La Madonna nel Messaggio del 25 aprile 2026 ha voluto sottolineare la brevità della nostra vita su questa Terra. È un ammonimento da parte di Maria, perché gli uomini credono di essere immortali. Quando il tempo divora e consuma, ci rendiamo conto che avanza la vecchiaia, l’infermità, la morte e la sua dittatura. Un famoso regista disse che la vita è come una partita di scacchi dove alla fine la morte ci farà scacco matto. Beati quelli che hanno la fede e sanno che la morte è una porta che si apre verso l’eternità e non la fine.

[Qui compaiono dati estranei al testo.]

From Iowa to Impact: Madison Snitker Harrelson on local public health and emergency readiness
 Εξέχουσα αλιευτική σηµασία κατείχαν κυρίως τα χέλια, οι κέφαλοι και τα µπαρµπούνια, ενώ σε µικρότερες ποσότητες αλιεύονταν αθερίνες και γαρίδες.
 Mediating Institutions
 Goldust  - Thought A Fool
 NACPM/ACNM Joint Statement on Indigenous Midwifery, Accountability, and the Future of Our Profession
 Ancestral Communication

«La vita è breve», la Madonna ha voluto farci capire che la vita è un tempo di prova, dove ognuno di ha la possibilità di conquistarsi la vita eterna con Dio, intimamente uniti a Lui nel cuore della Santissima Trinità. È la possibilità di godere della condizione divina che Dio dona mediante Gesù Cristo, il Verbo di Dio che si è fatto uomo, mediante la fede e la grazia dei Sacramenti. Già ora possiamo vivere nel cuore della Santissima Trinità, nella gloria, nell’amore e nella gioia di Dio, nella sua pienezza e sapienza. Ogni uomo, fin dal concepimento, ha stabilito il tempo della propria vita. Se lasciamo che Dio realizzi il suo piano, possiamo vedere che ognuno ha il suo tempo, i suoi anni. Il tempo della nostra vita anche se “lungo” sarà comunque breve e passa molto velocemente, come una clessidra che si svuota. Se l’uomo si è impegnato a raggiungere il fine della vita, che è l’eternità beata, quando finisce il suo tempo entrerà umilmente e pieno di gratitudine nell’eternità beata, nella Gerusalemme celeste. Molti, però, non hanno avuto la grazia della fede, non hanno conosciuto la Parola di Dio, perciò, è molto più difficile impostare la vita come cammino verso l’eternità. Dentro il cuore di ogni uomo, tuttavia, c’è l’azione dello Spirito Santo, anche nei non credenti, perché conosce vie che l’uomo non può immaginare per evangelizzare. Sono le vie del cuore, che arrivano a ogni uomo e lo orientano verso l’eternità, l’assoluto, il bene e la verità. Molti uomini non hanno avuto la grazia della fede, ma hanno potuto operare grazie all’impulso dello Spirito Santo che li orienta e li incammina sulla via della fede. Se non abbiamo ascoltato la voce di Dio nel nostro cuore o l’abbiamo rimossa vagando senza meta, ci ritroveremo alla fine della nostra vita senza aver concluso niente. Il traguardo della vita è Dio, se nel corso della nostra vita non lo abbiamo scoperto allora abbiamo fallito. Se ci siamo ostinati e chiusi a Dio, rifiutando e tacitando la voce della coscienza, abbiamo perso la vita eternamente. Queste sono verità rivelate da Dio sulle quali anche la Regina della pace ci ha incamminato attraverso i suoi Messaggi.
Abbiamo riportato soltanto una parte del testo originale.